RFC: Snarky(rs) #774

mimoo · 2022-12-22T22:59:35Z

mimoo
Dec 22, 2022

Summary

Today, Mina's cryptography stack is split into two large parts: an OCaml part and a Rust part. The proof system, kimchi, is in Rust. Snarky, the frontend to write circuits, and pickles, the recursion layer, are in OCaml. Our medium term goal is to transition this part of the cryptography stack written in OCaml to Rust. This RFC specifically documents the transition of snarky(ml) to snarky(rs).

Motivation

There are several reasons to replace snarky(ml) with snarky(rs):

Productivity. We've had a hard time making protocol changes, improvement of life changes, refactors, and other type of changes in the cryptography stack due to most changes impacting both the OCaml side and the Rust side. Most of our engineers are not OCaml experts, and so a lot of changes are either postponed (sometimes indefinitely) or unnecessarily slow to roll out.

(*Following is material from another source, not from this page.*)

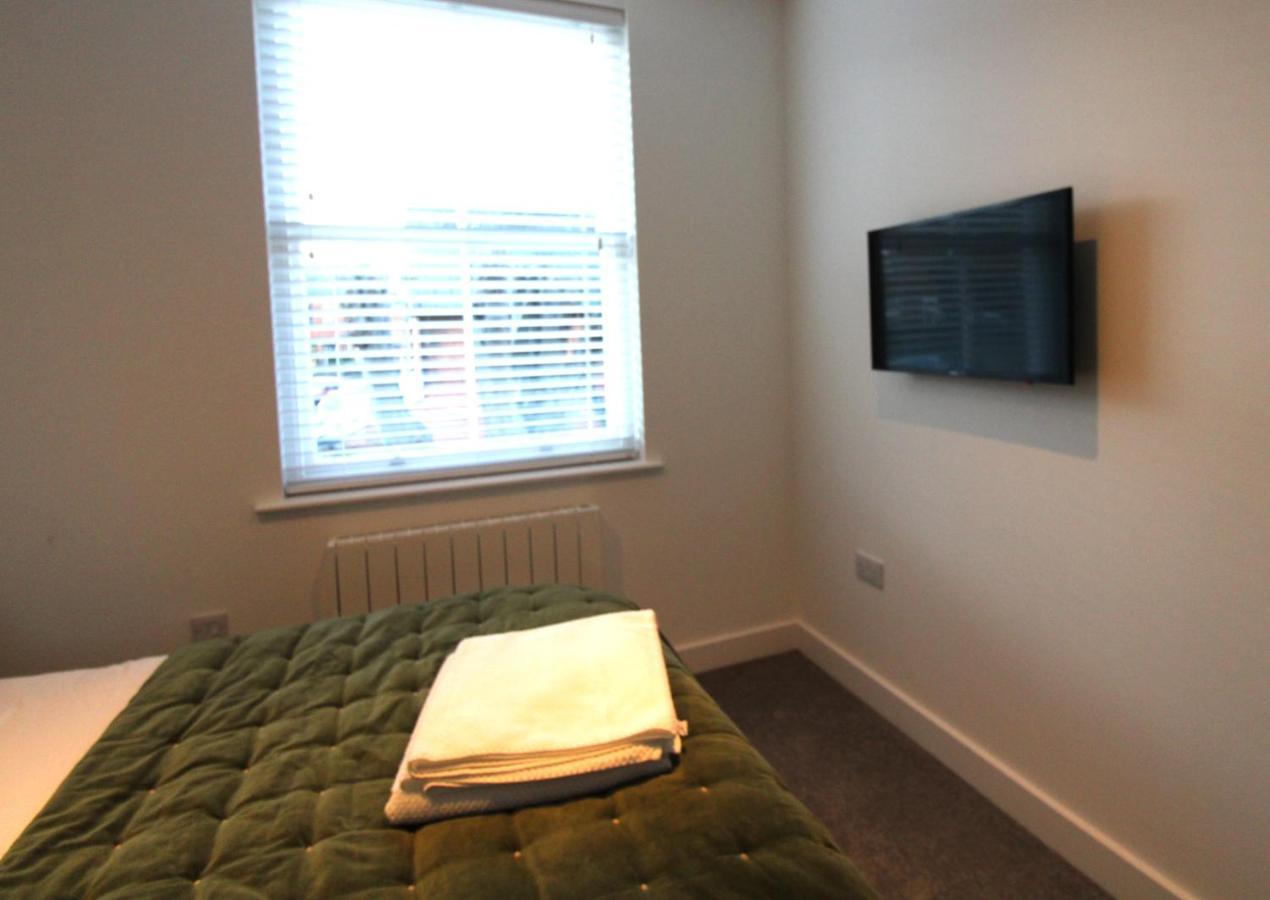 No 10 @Short Stays Basingstoke Eksteriør billede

Maintainability and security. The OCaml implementation is quite disorganized, and lacks documentation. It is quite a burden to onboard new engineers on this codebase. We are hoping that moving things to Rust will allow us to structure it well, and document it well. Improving the maintainability, as well as the security, of the library.

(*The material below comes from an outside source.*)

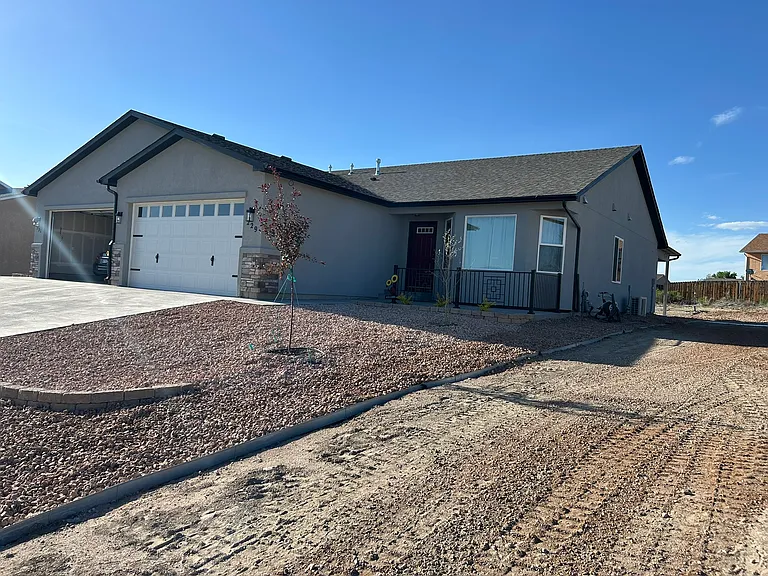 229 W Coral Dr #229 — Photo 3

Performances. Rust is a much more performant language, and having everything in Rust will allow us to profile and improve performances in much more predictable ways.

FFI. SnarkyJS is currently making use of both the Rust side (by compiling it into WASM) and the OCaml side (by compiling it into javascript). This means that the current FFI code and infrastructure (how it gets updated) is quite a nightmare to maintain and update. If we can remove as much surface area as we can, it'll make exposing Rust code to both OCaml and javascript/typescript much more clean and manageable.

Detailed design

The current architecture of snarky(ml) within Mina looks something like this:

snarky(ml) relies on a lot of Rust code, which is exposed in OCaml through the kimchi backend.

Ideally, we would want the kimchi backend to export more than just kimchi, but snarky(rs) as well (which would allow SnarkyJS to only rely on kimchi):

This is not exactly true, as snarkyJS relies heavily on pickles and so SnarkyJS might not be able to more directly use snarky(rs) without converting parts of pickles(ml) to pickles(rs) (out of scope for this RFC).

Snarky(ml) architecture

As said previously, snarky(ml) is quite disorganized, undocumented, and lacks abstractions. For this reason, it is hard to succinctly explain how snarky(ml) is architected. The principles, though, are less complex and we have started to document them for snarky(rs).

In this section, we will avoid focus on how snarky(ml) works (so refer to the previous link if you're interested in that). We will instead focus on how snarky(ml) is structured, and the challenges that exist in converting snarky(ml) to snarky(rs). As you will see they are mostly unrelated to the concepts behind snarky, and more related to the organization of the code (that make changes difficult) and peculiarities of OCaml (that don't have an easy 1:1 translation in Rust).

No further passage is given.